[Extracted records]

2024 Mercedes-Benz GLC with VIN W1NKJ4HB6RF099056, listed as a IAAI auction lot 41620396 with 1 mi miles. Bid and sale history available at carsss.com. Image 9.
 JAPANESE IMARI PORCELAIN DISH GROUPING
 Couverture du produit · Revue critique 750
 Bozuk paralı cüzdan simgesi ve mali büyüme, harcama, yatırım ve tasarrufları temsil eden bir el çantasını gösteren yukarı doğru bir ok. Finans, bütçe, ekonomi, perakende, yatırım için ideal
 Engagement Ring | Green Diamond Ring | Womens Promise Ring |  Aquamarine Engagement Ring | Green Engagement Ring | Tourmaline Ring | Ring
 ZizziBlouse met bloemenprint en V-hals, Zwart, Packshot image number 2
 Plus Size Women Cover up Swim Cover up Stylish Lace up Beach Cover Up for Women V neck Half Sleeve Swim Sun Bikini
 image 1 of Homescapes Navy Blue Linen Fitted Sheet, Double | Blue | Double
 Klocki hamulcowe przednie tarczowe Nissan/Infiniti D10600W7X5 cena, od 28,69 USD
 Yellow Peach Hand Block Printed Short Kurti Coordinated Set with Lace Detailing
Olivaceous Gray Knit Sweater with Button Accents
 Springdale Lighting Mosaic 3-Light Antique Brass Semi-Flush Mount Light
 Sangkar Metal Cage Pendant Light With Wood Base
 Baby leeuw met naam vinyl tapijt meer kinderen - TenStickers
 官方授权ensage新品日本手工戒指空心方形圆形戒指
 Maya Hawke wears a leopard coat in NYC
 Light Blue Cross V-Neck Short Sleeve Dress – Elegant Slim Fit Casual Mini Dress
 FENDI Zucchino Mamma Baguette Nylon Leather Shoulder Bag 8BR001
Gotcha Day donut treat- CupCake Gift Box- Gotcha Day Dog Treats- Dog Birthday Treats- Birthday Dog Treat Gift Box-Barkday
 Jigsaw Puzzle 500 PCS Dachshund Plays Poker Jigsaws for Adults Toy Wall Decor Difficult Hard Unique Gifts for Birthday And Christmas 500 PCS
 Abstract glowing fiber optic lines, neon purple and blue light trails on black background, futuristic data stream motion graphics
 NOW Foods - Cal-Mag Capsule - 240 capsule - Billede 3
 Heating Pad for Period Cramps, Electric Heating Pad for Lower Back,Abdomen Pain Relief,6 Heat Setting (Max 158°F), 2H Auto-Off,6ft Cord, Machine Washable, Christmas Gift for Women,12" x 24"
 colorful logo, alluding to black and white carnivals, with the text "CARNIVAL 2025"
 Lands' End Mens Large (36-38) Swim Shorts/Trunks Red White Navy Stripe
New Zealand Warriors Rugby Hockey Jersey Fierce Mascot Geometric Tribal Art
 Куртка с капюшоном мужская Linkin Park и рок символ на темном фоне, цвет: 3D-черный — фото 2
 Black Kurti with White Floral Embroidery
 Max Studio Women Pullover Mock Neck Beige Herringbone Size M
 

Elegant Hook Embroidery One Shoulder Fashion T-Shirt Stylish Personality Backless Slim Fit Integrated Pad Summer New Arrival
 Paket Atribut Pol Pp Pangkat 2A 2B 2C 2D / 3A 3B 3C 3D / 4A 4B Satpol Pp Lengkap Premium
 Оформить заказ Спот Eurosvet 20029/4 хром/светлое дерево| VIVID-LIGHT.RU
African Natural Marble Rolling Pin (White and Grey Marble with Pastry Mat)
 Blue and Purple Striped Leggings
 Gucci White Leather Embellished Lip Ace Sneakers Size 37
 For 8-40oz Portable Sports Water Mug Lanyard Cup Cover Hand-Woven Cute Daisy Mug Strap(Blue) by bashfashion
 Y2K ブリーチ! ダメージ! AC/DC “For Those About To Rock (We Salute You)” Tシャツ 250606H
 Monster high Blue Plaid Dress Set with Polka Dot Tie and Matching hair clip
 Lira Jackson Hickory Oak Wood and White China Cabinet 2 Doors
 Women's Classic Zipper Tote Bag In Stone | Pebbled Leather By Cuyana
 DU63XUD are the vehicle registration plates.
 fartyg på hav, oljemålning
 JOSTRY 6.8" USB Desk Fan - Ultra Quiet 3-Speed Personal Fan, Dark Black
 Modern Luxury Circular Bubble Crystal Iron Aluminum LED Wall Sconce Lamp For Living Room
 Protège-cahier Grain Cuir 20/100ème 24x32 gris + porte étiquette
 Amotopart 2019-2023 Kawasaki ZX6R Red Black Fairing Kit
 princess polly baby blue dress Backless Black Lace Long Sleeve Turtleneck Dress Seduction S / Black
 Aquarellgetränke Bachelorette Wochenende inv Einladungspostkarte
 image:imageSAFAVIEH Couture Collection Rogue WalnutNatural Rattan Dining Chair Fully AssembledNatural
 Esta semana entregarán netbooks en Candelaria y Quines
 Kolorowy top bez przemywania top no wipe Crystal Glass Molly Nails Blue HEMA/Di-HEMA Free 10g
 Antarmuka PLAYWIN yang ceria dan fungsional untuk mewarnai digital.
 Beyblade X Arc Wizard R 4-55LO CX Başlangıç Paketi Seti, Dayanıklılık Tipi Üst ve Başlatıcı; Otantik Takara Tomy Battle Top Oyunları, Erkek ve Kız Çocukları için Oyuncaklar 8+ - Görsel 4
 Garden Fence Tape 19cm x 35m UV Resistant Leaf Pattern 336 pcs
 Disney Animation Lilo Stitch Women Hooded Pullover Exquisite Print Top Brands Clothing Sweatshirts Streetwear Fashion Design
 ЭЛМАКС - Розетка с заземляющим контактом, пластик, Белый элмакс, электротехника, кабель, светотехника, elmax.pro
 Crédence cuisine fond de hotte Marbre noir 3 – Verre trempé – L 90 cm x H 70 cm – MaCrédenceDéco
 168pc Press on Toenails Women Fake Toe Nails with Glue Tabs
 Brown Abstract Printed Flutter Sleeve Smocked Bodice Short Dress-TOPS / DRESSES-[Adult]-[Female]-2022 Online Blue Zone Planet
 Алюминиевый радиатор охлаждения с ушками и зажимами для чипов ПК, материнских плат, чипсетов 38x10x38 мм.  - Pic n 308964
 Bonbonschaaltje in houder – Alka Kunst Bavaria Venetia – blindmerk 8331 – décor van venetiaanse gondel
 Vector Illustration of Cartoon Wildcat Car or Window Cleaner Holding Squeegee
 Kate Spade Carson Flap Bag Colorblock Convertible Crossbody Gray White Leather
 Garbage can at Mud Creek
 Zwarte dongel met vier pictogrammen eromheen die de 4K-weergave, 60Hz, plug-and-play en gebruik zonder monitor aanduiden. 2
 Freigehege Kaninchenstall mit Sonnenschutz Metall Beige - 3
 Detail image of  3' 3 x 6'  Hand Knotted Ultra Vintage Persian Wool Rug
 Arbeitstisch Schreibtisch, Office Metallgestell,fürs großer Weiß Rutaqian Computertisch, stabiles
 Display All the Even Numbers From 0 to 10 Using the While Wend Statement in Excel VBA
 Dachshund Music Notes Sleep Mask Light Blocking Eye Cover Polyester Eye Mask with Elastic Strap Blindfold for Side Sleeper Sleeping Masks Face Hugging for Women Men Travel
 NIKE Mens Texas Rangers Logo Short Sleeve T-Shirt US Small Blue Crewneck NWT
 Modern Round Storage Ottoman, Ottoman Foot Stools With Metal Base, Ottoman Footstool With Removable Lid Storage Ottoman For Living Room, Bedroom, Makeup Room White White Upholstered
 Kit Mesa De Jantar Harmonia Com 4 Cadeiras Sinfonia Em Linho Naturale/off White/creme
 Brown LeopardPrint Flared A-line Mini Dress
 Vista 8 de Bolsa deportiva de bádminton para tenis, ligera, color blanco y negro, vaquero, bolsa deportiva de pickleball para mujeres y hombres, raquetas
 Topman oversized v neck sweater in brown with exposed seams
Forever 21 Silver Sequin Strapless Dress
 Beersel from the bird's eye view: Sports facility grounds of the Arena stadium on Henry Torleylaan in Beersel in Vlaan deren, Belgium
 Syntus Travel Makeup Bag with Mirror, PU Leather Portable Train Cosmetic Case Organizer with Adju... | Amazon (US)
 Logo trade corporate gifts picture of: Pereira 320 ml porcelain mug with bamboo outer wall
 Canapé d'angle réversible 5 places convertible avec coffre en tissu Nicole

# EXERCISE BRIEF
Produce only the lines from the line containing "Baby leeuw met" through the line containing "NOW Foods - Cal-Mag", inclusive of both, exactly as they stand in the entries above.

# SOLUTION BELOW
 Baby leeuw met naam vinyl tapijt meer kinderen - TenStickers
 官方授权ensage新品日本手工戒指空心方形圆形戒指
 Maya Hawke wears a leopard coat in NYC
 Light Blue Cross V-Neck Short Sleeve Dress – Elegant Slim Fit Casual Mini Dress
 FENDI Zucchino Mamma Baguette Nylon Leather Shoulder Bag 8BR001
Gotcha Day donut treat- CupCake Gift Box- Gotcha Day Dog Treats- Dog Birthday Treats- Birthday Dog Treat Gift Box-Barkday
 Jigsaw Puzzle 500 PCS Dachshund Plays Poker Jigsaws for Adults Toy Wall Decor Difficult Hard Unique Gifts for Birthday And Christmas 500 PCS
 Abstract glowing fiber optic lines, neon purple and blue light trails on black background, futuristic data stream motion graphics
 NOW Foods - Cal-Mag Capsule - 240 capsule - Billede 3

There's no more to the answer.